__Provided material__
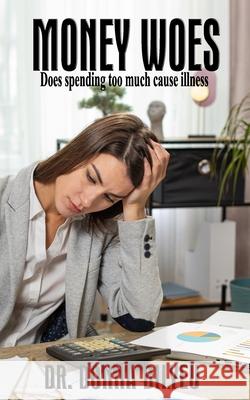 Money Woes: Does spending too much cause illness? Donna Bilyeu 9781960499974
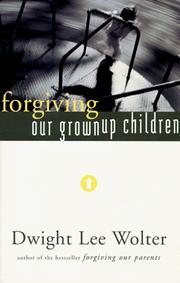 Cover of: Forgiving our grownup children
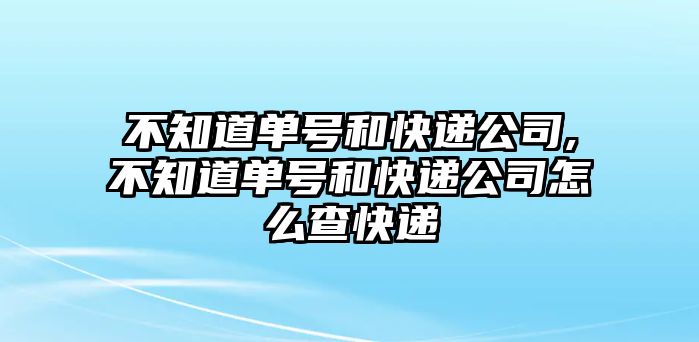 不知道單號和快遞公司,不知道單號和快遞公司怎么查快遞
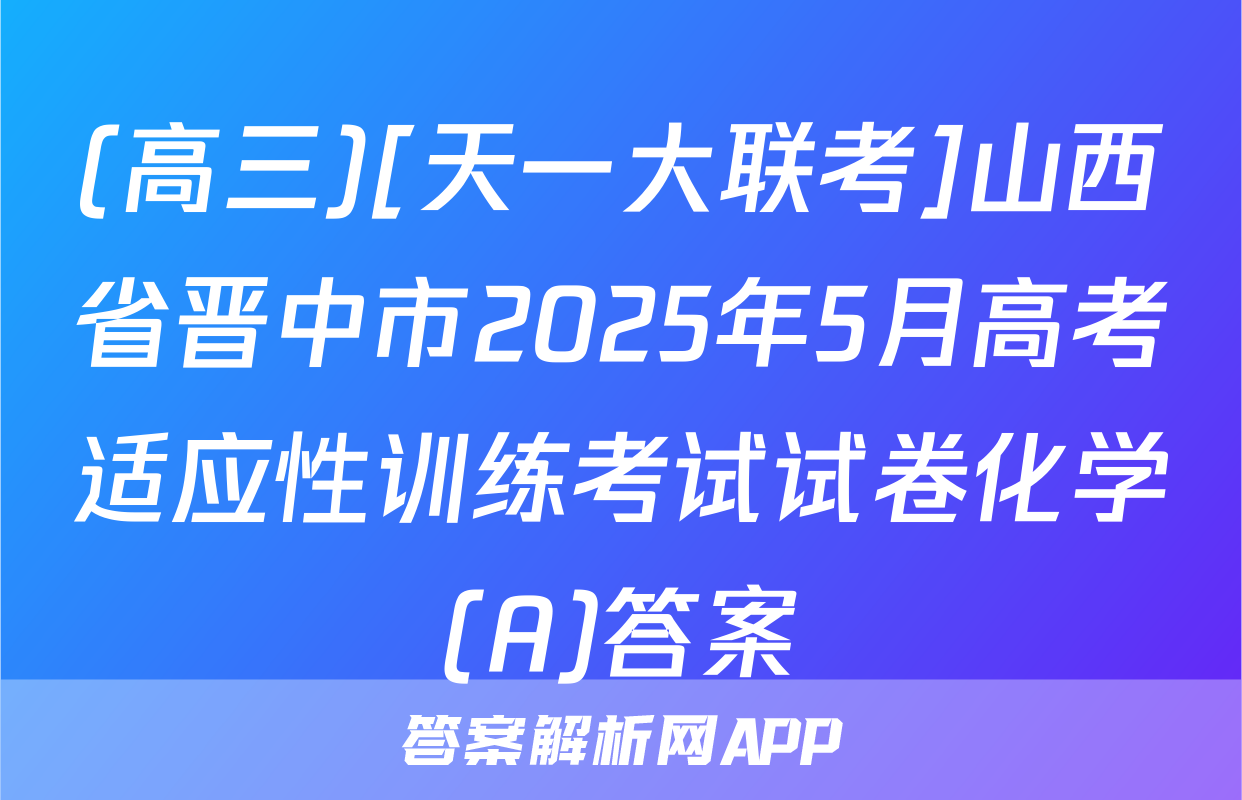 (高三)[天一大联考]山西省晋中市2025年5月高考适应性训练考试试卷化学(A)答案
* * *
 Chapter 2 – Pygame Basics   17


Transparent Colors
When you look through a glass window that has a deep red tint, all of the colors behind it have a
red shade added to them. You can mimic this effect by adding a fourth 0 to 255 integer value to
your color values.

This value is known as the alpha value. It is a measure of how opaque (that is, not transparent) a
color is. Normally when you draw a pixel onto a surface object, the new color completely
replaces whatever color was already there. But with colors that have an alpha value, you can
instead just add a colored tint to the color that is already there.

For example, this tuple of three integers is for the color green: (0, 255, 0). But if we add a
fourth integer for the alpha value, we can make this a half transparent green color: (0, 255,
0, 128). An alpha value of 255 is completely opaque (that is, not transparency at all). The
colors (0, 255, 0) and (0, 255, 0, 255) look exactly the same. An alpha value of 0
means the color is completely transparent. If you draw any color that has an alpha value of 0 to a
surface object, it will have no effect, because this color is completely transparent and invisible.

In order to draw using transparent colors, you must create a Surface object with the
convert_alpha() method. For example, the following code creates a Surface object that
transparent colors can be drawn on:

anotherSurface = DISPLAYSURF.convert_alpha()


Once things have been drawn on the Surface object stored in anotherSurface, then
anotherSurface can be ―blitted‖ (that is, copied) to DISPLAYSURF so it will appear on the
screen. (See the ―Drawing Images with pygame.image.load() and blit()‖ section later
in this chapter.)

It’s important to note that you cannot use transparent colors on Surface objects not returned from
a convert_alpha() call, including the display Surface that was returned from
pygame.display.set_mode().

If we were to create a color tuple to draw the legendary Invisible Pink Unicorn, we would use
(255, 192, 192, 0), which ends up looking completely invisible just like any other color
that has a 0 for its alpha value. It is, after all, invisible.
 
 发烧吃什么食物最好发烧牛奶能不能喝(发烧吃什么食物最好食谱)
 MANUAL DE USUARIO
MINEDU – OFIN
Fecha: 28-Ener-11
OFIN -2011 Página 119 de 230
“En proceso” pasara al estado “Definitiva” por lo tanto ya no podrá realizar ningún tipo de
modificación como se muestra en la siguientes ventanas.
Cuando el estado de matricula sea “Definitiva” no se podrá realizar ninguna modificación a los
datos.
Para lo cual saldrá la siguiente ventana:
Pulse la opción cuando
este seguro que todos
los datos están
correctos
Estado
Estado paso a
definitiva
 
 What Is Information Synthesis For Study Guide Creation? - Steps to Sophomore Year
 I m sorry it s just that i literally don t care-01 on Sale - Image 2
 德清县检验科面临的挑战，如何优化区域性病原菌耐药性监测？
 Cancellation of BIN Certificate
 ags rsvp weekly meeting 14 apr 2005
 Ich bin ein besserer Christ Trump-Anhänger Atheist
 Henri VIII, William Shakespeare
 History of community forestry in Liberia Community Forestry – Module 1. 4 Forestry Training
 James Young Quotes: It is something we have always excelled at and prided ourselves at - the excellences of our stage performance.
...
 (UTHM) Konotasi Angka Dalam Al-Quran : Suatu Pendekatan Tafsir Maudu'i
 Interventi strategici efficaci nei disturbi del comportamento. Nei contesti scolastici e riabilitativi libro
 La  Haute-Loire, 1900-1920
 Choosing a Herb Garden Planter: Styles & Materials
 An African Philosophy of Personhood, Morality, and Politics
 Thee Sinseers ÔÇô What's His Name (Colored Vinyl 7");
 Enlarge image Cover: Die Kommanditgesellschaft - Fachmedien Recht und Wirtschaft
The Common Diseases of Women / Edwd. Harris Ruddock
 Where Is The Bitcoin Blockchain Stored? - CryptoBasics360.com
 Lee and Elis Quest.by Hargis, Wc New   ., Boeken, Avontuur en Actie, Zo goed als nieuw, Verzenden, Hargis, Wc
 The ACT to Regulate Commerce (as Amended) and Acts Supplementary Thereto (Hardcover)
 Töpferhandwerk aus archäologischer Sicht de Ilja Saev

__What to work on__
Report the lines above that have the word "podrá" in them.

__Answer space__
“En proceso” pasara al estado “Definitiva” por lo tanto ya no podrá realizar ningún tipo de
Cuando el estado de matricula sea “Definitiva” no se podrá realizar ninguna modificación a los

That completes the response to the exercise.